Matt Grossmann: So, you’ve written a history of American partisan think tanks in the course of doing these analyses, but as someone who’s read a lot of histories of American politics through this era, some of the same people come up if you were to write a history-

Some of the same people come up, if you were to write a history, read a history of a partisan media or of the polarizers in general. And I do note that a lot of these people within these institutions are willing to jump ship. A new administration comes in, they think it’s better to be inside the administration than to be in these partisan think tanks. And many of them were also involved in creating other kinds of infrastructure for the two sides of American politics.

So I guess to what extent do you see think tanks to be their central project versus one of several projects, and why if they’re so influential, do people jump ship so fast?

E.J. Fagan: Well, I will say that some of the jumping ship is just a revolving door, and I think that that makes sense and I think that some people don’t want to be in government for too long because it’s exhausting. But I think your bigger point is fascinating, right? We have a saying in the agenda saying community, which is everything is endogenous. And of course all of these other things are going on at the same time, right? Fox News is created in the mid-nineties. Rush Limbaugh and talk radio become important in the mid 1980s. I quote Rush Limbaugh quite a bit in this book, and we can go on, right? There’s a lot of other conservative institutions, the Federalist Society, many of the conservative interest groups are founded during this time. They’re all talking to each other, they’re all working together. And some of the founders of these think tanks go on to found those things.

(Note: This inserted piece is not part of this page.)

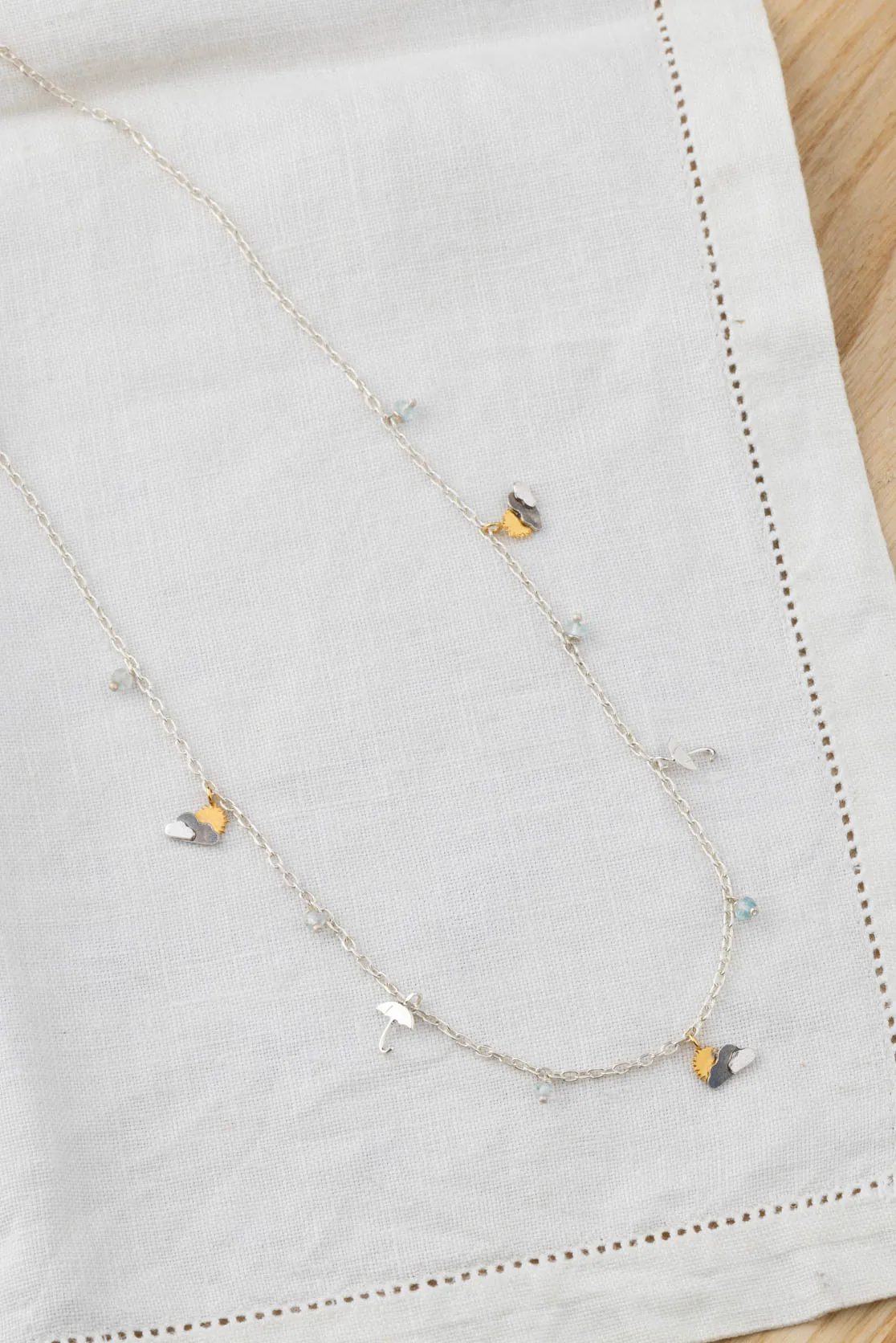 Sunshine And Showers Charm Necklace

So Paul Weyrich was one of the original founders of the Heritage Foundation, and he leaves basically like four years in and decides that he’s going to go found the religious right. And he does. He’s very important in that way. It’s absolutely true that this is an ecosystem and they’re an important part of the ecosystem.

 But here’s the kind of puzzle for me. Why didn’t conservatism take off earlier? Why didn’t you get this flourishing of this highly ideological American conservatism when Milton Friedman is writing, when Friedrich Hayek is writing, when Ian Rand is writing, when the National Review takes off, et cetera, that’s 20 to 30 years earlier than when they start having an impact in government.

And I think the answer is, is that a necessary part of that is the actualization, that is someone to write the plan, to execute the order, to be the expert in government, to be the lawyer at the Federalist Society, the judge, et cetera.

And until you have that, all of your conservative hopes and dreams, all of your progressive hopes and dreams isn’t going to show up in actual public policy. It’s not going to be voted on much in the United States Congress, and that’s the essential component that they provided. So in the counterfactual where they don’t exist, I actually do think we’re quite a bit less polarized. But certainly there’s a lot of other things going on and I think that especially now that we have a polarized public and we have this kind of intense fighting and solidification of the American political parties, I think this is much less of the story of that. They’re important still, they still do a lot of that policy work that needs to get done behind the scenes, but they’re not the ones making your neighbor put up a flag that you don’t like.

Matt Grossmann: So as you mentioned, there’s a lot of attention now on Heritage and other conservative think tanks preparing for a potential second Trump Administration, especially for a complete redoing of the American bureaucracy and a politicization of it. And yet, if you look back at the first Trump term, it doesn’t seem like they had as much influence as they might’ve had in other administrations, or that the administration was kind of effective in using them on support of its agenda rather than just kind of going along with the preexisting congressional agenda.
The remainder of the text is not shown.